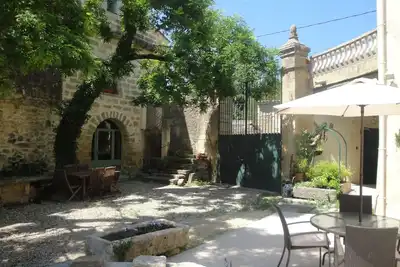 Image de Appart. ds mas du XVIIIéme avec piscine chauffée, prés du Pont du Gard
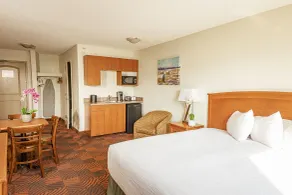 Service Plus Inns and Suites Calgary - Room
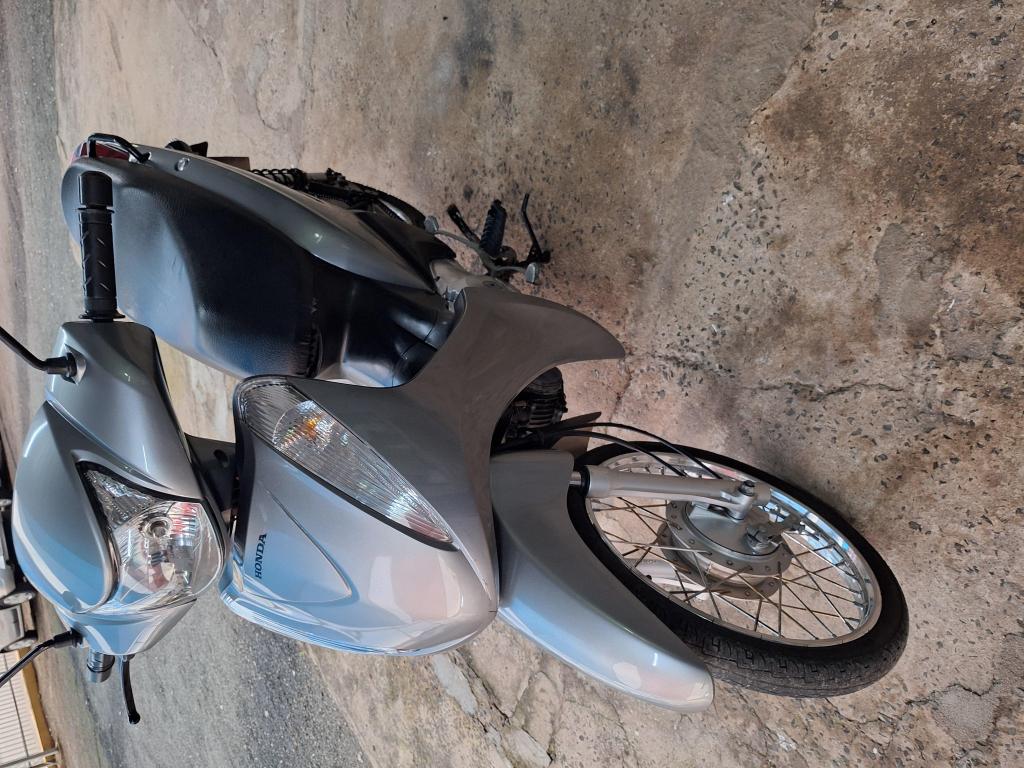 HONDA Biz 125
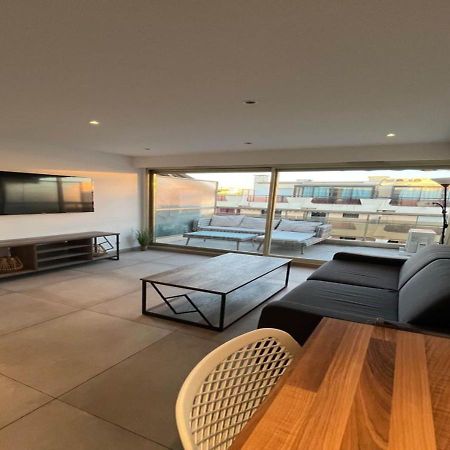 Tres Beau Studio Avec Terrasse, Situe A 100M Des Plages De Juans Les Pins 앙티브 외부 사진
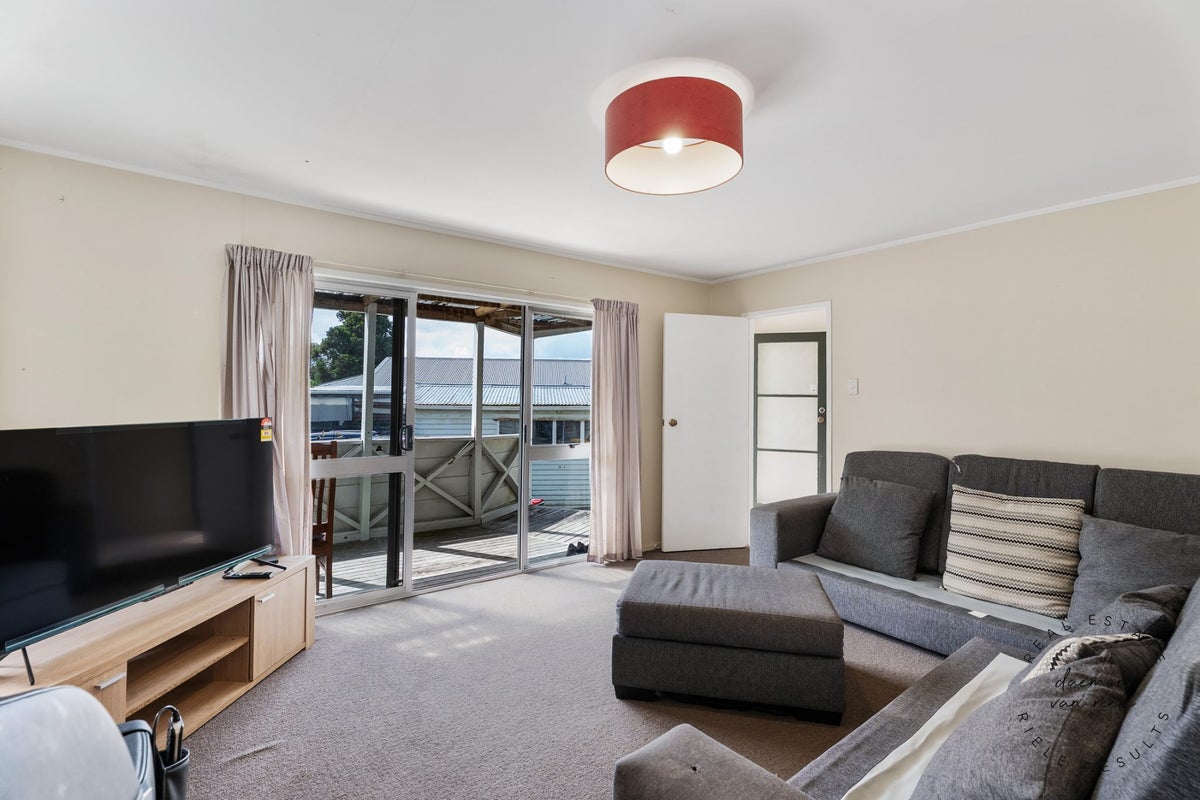 16 Stoll Place, Clendon Park, Auckland - Carousel 2
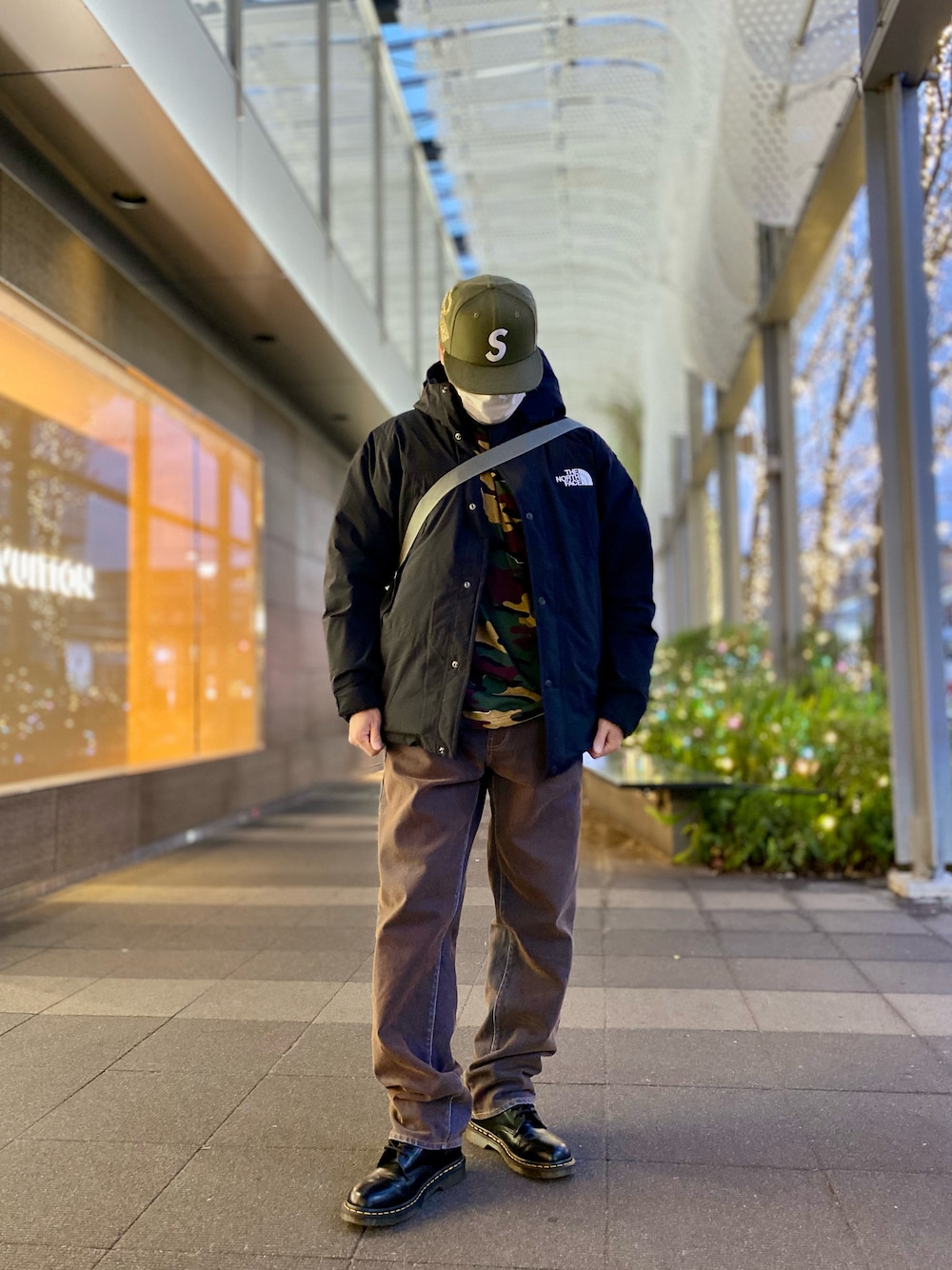 「Dr.Martens、ブーツ、デニム、デニムパンツ、Tシャツ、マウンテンダウンジャケット、キャップ、シュプリーム、supreme、ストリート、ストリートコーデ、カジュアル、カジュアルコーデ、シンプル、シンプルコーデ」｜「Supreme の23FW Jesus Piece S Logo New Era®（キャップ、グリーン系）」を使った、skbさん（メンズ・175cm）の冬コーディネートの1枚目の写真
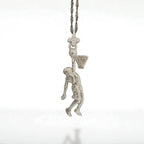 Баскетбол – Мъжки спортен медальон от сребро 925 с класическо полирано покритие – Ръчно изработено бижу талисман за баскетболисти и фенове – Идеален подарък за спортист или треньор – SSJ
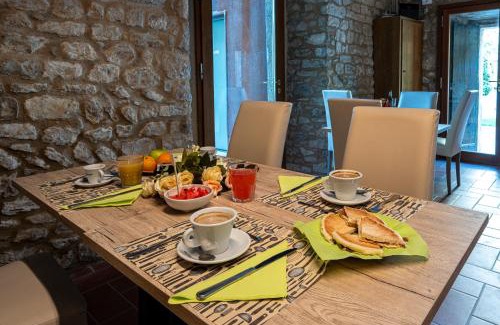 Pieve Di Trebbio House | Borgo dei Sassi di Roccamalatina - Room and Breakfast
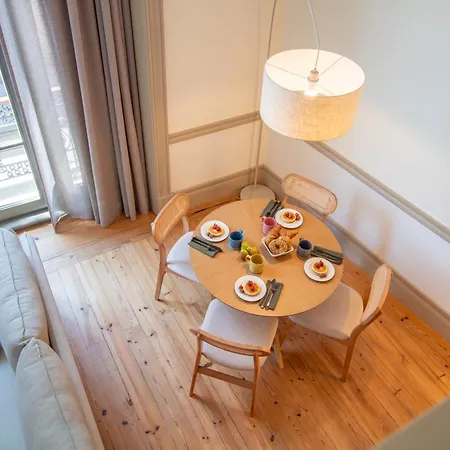 アパート Charming Mezzanine In Aliados By Lovelystay ポルト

# # # # #

### Work to complete
Could you give all the records again, exactly, minus the pictures?

### Answer to this problem
 Image de Appart. ds mas du XVIIIéme avec piscine chauffée, prés du Pont du Gard
 Service Plus Inns and Suites Calgary - Room
 HONDA Biz 125
 Tres Beau Studio Avec Terrasse, Situe A 100M Des Plages De Juans Les Pins 앙티브 외부 사진
 16 Stoll Place, Clendon Park, Auckland - Carousel 2
 「Dr.Martens、ブーツ、デニム、デニムパンツ、Tシャツ、マウンテンダウンジャケット、キャップ、シュプリーム、supreme、ストリート、ストリートコーデ、カジュアル、カジュアルコーデ、シンプル、シンプルコーデ」｜「Supreme の23FW Jesus Piece S Logo New Era®（キャップ、グリーン系）」を使った、skbさん（メンズ・175cm）の冬コーディネートの1枚目の写真
 Баскетбол – Мъжки спортен медальон от сребро 925 с класическо полирано покритие – Ръчно изработено бижу талисман за баскетболисти и фенове – Идеален подарък за спортист или треньор – SSJ
 Pieve Di Trebbio House | Borgo dei Sassi di Roccamalatina - Room and Breakfast
 アパート Charming Mezzanine In Aliados By Lovelystay ポルト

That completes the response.